A Slight Diversion by Caroline England

AVAILABLE AT LAST! One day later than planned, owing to delays with Kindle publishing.

Those who have read and enjoyed Caroline England's dark and spiky short stories in the collection Watching Horsepats Feed The Roses (currently on a 2-day free download offer) will have been keeping a keen eye out for her first novel, which ACHUKAbooks is very excited to be publishing.

Where WATCHING HORSEPATS FEED THE ROSES was a deliciously dark sequence of cameos and quirks of cruelty, related in a terse, quintessentially English sardonic voice, A SLIGHT DIVERSION is altogether warmer and (as its title implies) lighter in tone.
The book is narrated by Fiona, a humorous self-deprecating twenty-seven year old solicitor, who hasn't had much luck with love and still misses her beloved dead dad.
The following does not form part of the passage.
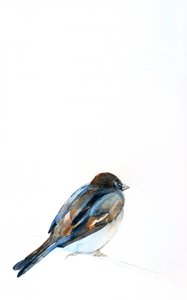 Aquarelle représentant un moineau perché - Christine Lindstrom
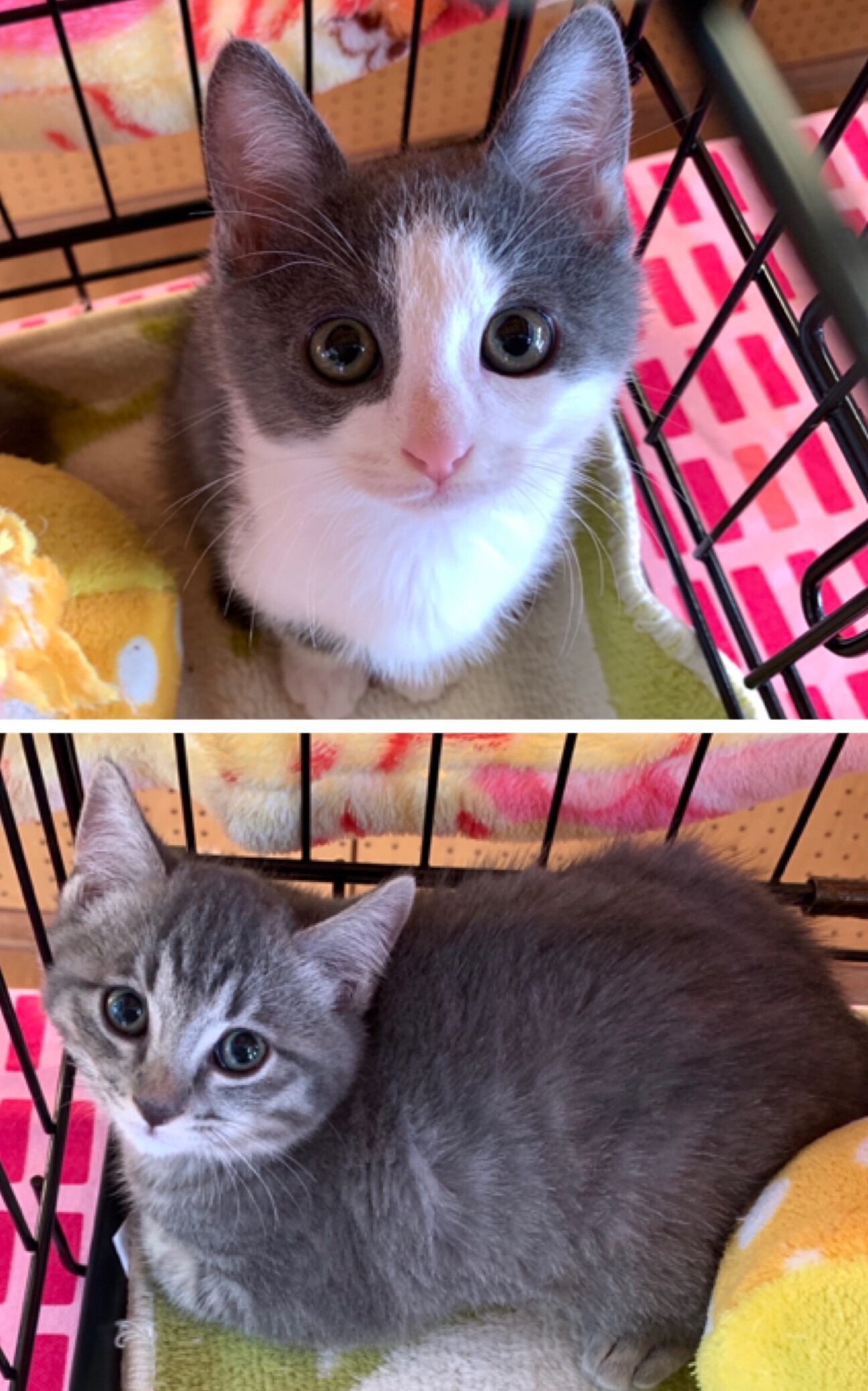 可愛い顔の兄弟 愛知県 猫の里親募集 ペットのおうち 月間利用者150万人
In her own eyes she is a gaffe-prone disaster, but in fact she is an attractive, efficient young professional whom others see as being a touch icy.
A colourful cast of characters and a fast-moving, sometimes farcical, sometimes emotion-ridden plot combine to create a richly rewarding read - one that confirms Caroline England as a writer to follow.

So confident are we that once you experience this author for yourselves, you will want to spread the word, that for TWO DAYS - today Sunday 21st October and tomorrow Monday 22nd October - you can download the short story collection for free, AND acquire the novel for just 99c/77p.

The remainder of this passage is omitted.